Dual holography as functional renormalization group

TL;DR

This work connects functional renormalization group (FRG) methods with a dual holography framework by recasting the FRG as a path-integral for the probability distribution $P_{\Lambda}[]$ governed by a Fokker-Planck–type equation. In the semiclassical limit, the RG flow maps to a Hamilton–Jacobi problem with a Hamiltonian derived from a bulk action, motivating a holographic interpretation where the RG scale is the radial coordinate in $AdS_{d+1}$/CFT$_d$. The authors extend this picture by incorporating RG beta-functions as gradient flows of an effective potential $\mathcal{V}_{eff}$, yielding a generalized bulk action that embeds the RG flow into the gravitational dynamics, and they introduce Weyl-anomaly terms to ensure consistency with holography. A BRST-topological construction underlies the path integral representation, and the framework accommodates nonperturbative renormalization via a gradient-flow structure tied to the Weyl anomaly. Overall, the paper provides a nonperturbative, RG-aware holographic formalism that unifies FRG and holography through a gradient-flow perspective and paves the way for incorporating information-theoretic and quantum-information concepts into holographic RG.

Abstract

We investigate the relationship between the functional renormalization group (RG) and the dual holography framework in the path integral formulation, highlighting how each can be understood as a manifestation of the other.
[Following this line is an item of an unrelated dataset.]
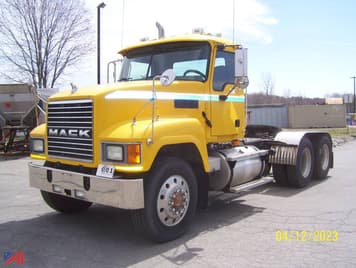 Main image Mack CH600
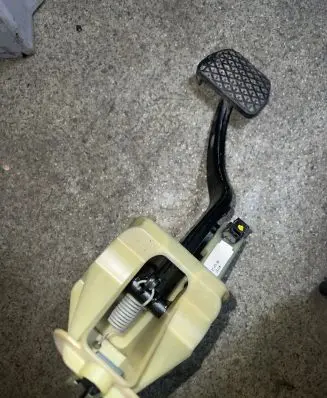 BMW 7 E65 E66 Brake pedal 6752517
Rather than employing the conventional functional RG formalism, we consider a functional RG equation for the probability distribution function, where the RG flow is governed by a Fokker-Planck-type equation. The central idea is to reformulate the solution of Fokker-Planck type functional RG equation in a path integral representation. Within the semiclassical approximation, this leads to a Hamilton-Jacobi equation for an effective renormalized on-shell action. We then examine our framework for an Einstein-Hilbert action coupled to a scalar field. Applying standard techniques, we derive a corresponding functional RG equation for the distribution function, where the dual holographic path integral serves as its formal solution. By synthesizing these two perspectives, we propose a generalized dual holography framework in which the RG flow is explicitly incorporated into the bulk effective action. This generalization naturally introduces RG $β$-functions and reveals that the RG flow of the distribution function is essentially identical to that of the functional RG equation.